在线英语听力室 (2012-12-07)  字体: [ ]  

Researchers at the University of Iowa have documented an activity by infants that begins nearly from birth: They learn by taking inventory of the things they see. In a new paper, the psychologists contend that infants create knowledge by looking at and learning about their surroundings. The activities should be viewed as intertwined(缠绕的), rather than considered separately, to fully appreciate how infants gain knowledge and how that knowledge is seared into memory.
 
"The link between looking and learning is much more intricate than what people have assumed," says John Spencer, a psychology professor at the UI and a co-author on the paper published in the journal Cognitive Science.
 
The researchers created a mathematical model that mimics, in real time and through months of child development, how infants use looking to understand their environment. Such a model is important because it validates the importance of looking to learning and to forming memories. It also can be adapted by child development specialists to help special-needs children and infants born prematurely to combine looking and learning more effectively.
 
"The model can look, like infants, at a world that includes dynamic, stimulating events that influence where it looks. We contend (the model) provides a critical link to studying how social partners influence how infants distribute their looks, learn, and develop," the authors write.
 
The model examines the looking-learning behavior of infants as young as 6 weeks through one year of age, through 4,800 simulations at various points in development involving multiple stimuli and tasks. As would be expected, most infants introduced to new objects tend to look at them to gather information about them; once they do, they are "biased" to look away from them in search of something new. In other words, an infant will linger on something that's being shown to it for the first time as it learns about it, and that the "total looking time" will decrease as the infant becomes more familiar with it.
 
But the researchers found that infants who don't spend a sufficient amount of time studying a new object -- in effect, failing to learn about it and to catalog that knowledge into memory -- don't catch on as well, which can affect their learning later on.
 
"Infants need to dwell on things for a while to learn about them," says Sammy Perone, a post-doctoral researcher in psychology at the UI and corresponding author on the paper.
 
To examine why infants need to dwell on objects to learn about them, the researchers created two different models. One model learned in a "responsive" world: Every time the model looked away from a new object, the object was jiggled to get the model to look at it again. The other model learned in a "nonresponsive" world: when this model looked at a new object, objects elsewhere were jiggled to distract it.

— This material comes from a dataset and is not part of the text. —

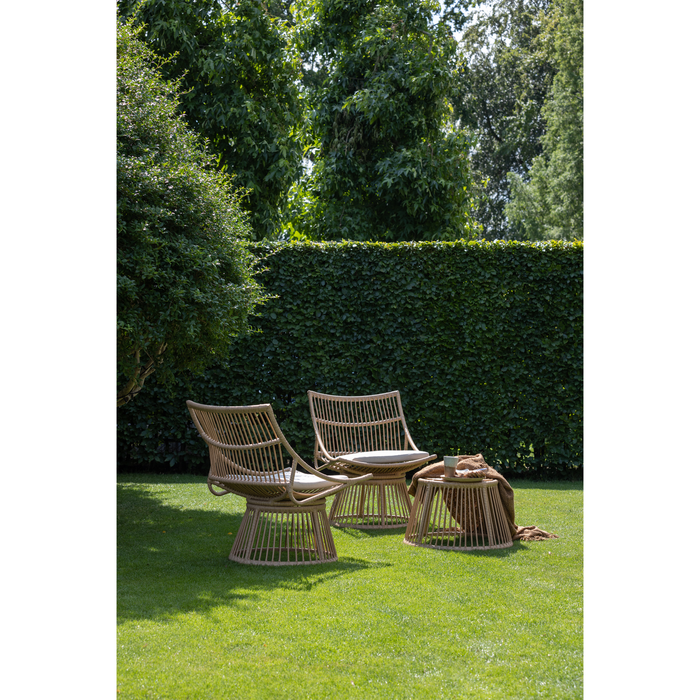 WOOOD Hocker Alatna - Wicker - Naturel - 33x43x43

The results showed that the responsive models"learned about new objects more robustly, more quickly, and are better learners in the end," says Perone, who earned his doctorate at the UI in 2010. The model captures infant looking and learning as young as 6 weeks. Even at that age, the UI researchers were able to document that infants can familiarize themselves with new objects, and store them into memory well enough that when shown them again, they quickly recognized them.
 
"To our knowledge, these are the first quantitative simulations of looking data from infants this young," the authors write.
 
The results underscore the notion that looking is a critical entry point into the cognitive processes in the brain that begin in children nearly from birth. And, "if that's the case, we can manipulate and change what the brain is doing" to aid infants born prematurely or who have special needs, Perone adds.
 
"The promise of a model that implements looking as an active behavior is that it might explain and predict how specific manipulations of looking over time will impact subsequent learning," the researchers write.
 
The research was funded by the National Institutes of Health, grant number 5R01MH62480.